L'exploitation de ces données est susceptible de produire des "effets restrictifs de concurrence", prévient l'Autorité de la concurrence. "Notamment dans l'hypothèse où les informations détenues par une entreprise dominante ne sont ni accessibles à ses concurrents, ni reproductibles par eux, constituant ainsi des informations privilégiées."

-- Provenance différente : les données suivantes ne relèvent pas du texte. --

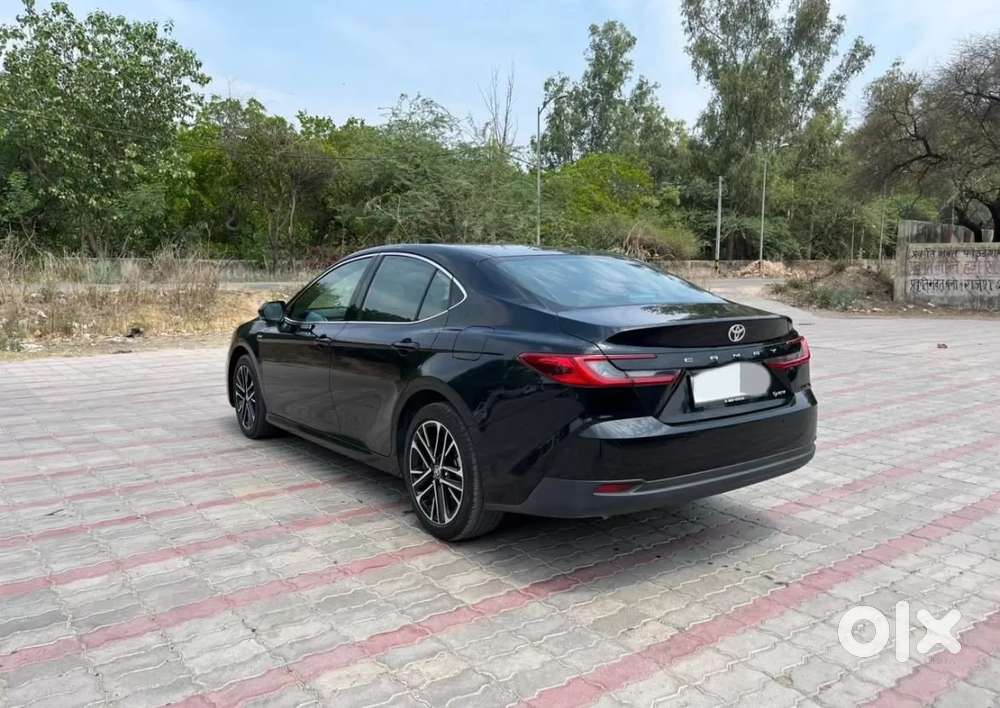 Toyota Camry, 2025, Petrol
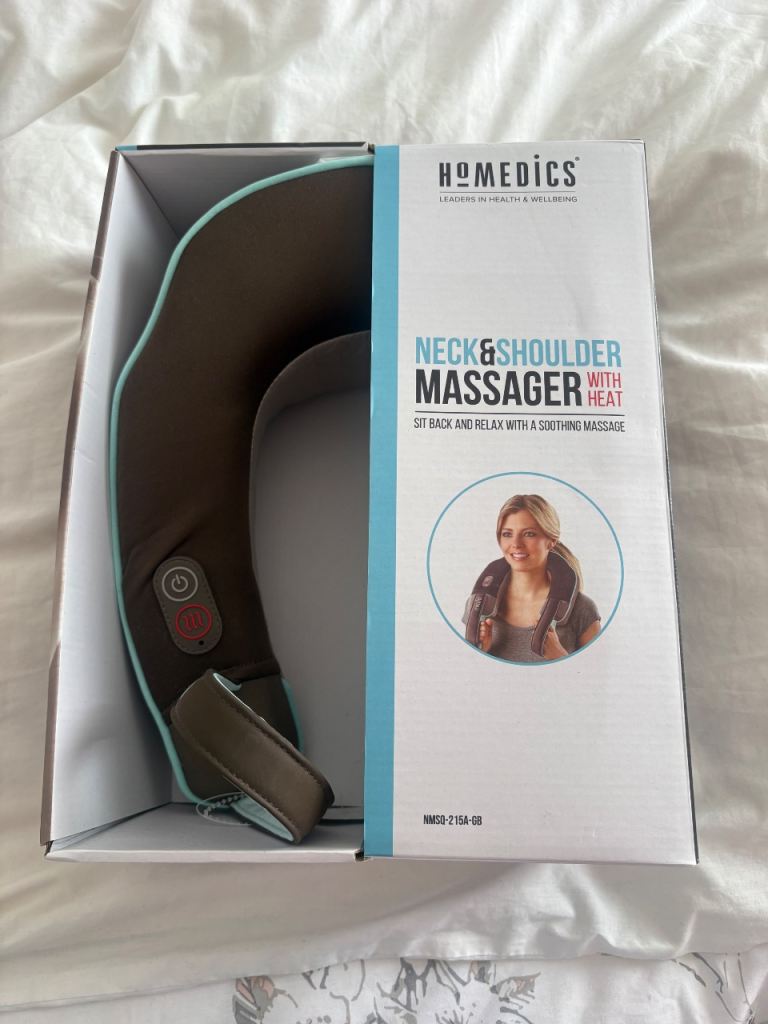 Homedics Neck & Shoulder Massager with Heat - New in Box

Des traitements discriminatoires

Certains éditeurs et intermédiaires estiment subir des différences de traitement de la part d'acteurs qu'ils considèrent dominants dans le secteur de l'intermédiation publicitaire. "Ces comportements concernent d'une part, la possibilité de monétiser certains types de vidéos sur une plateforme, et d'autre part les conditions d'accès des DSP aux places de marché et aux inventaires publicitaires de certains éditeurs de plateformes", précise l'Autorité de la concurrence. Il faut par exemple montrer patte blanche pour acheter de l'inventaire sur Facebook qui tient à jour une liste de ses "Facebook Preferred Partners".

Des freins à l'interopérabilité

Plusieurs acteurs ont relevé ce qu'ils considèrent être des freins à l'interopérabilité dans le secteur de l'intermédiation publicitaire. L'interopérabilité correspond à la faculté d'un outil à bien correspondre avec un autre. Si ces deux outils appartiennent à la même famille, cette interopérabilité sera naturellement optimale. C'est le cas du DSP de Google, DBM, avec son SSP, DFP. Tout autre DSP ne fonctionnera pas aussi bien avec DFP car il n'a pas été conçu spécifiquement pour cet outil (comme c'est le cas de DBM). C'est inévitable. Ce qui peut l'être, en revanche, c'est la mauvaise volonté que mettrait un SSP à intégrer un autre DSP (en lui refusant l'accès à certaines fonctionnalités ou avantages) parce que celui-ci serait un concurrent du DSP maison.

"Les questions d'interopérabilité peuvent également être appréhendées au regard de la discrimination, de la transparence, ou des pratiques de couplage", note l'Autorité de la Concurrence.

Des restrictions sur les possibilités de collecter et d'accéder à certaines données

Plusieurs acteurs ont enfin souligné l'existence de restrictions concernant les possibilités de collecter et d'accéder à certaines données. "Une grande agence média a indiqué que certains grands acteurs refusent l'intégration d'éléments de suivi ou tracking des campagnes pour certains formats publicitaires, la fourniture des données relatives à la qualification par impression des audiences, et la fourniture de statistiques de recherches des marques des annonceurs", illustre l'Autorité de la concurrence. Longtemps critiqué pour de nombreuses erreurs commises dans la mesure de ses audiences, Facebook est ici le principal concerné. La plateforme a joué l'apaisement en s'ouvrant à des partenaires comme Moat, IAS et Comscore il y a plus d'un an.

Mais ces mesureurs ne taguent pas ses pages comme ils le font chez les autres plateformes. Ils se contentent d'auditer des données remontées par Facebook. Ce dernier explique ne pas laisser de tiers taguer ses pages pour ne pas exposer les données de ses utilisateurs. Il n'empêche, il est problématique que le mesureur en soit réduit à un rôle de chargé de validation des données communiquées par l'éditeur.

"Il en résulte un manque de transparence et une opacité qui créent une asymétrie entre ces plateformes et ces acheteurs intermédiaires techniques", commente l'Autorité de la concurrence. Toutes les grandes plateformes ne jouent clairement pas le jeu sur ce sujet de la mesure.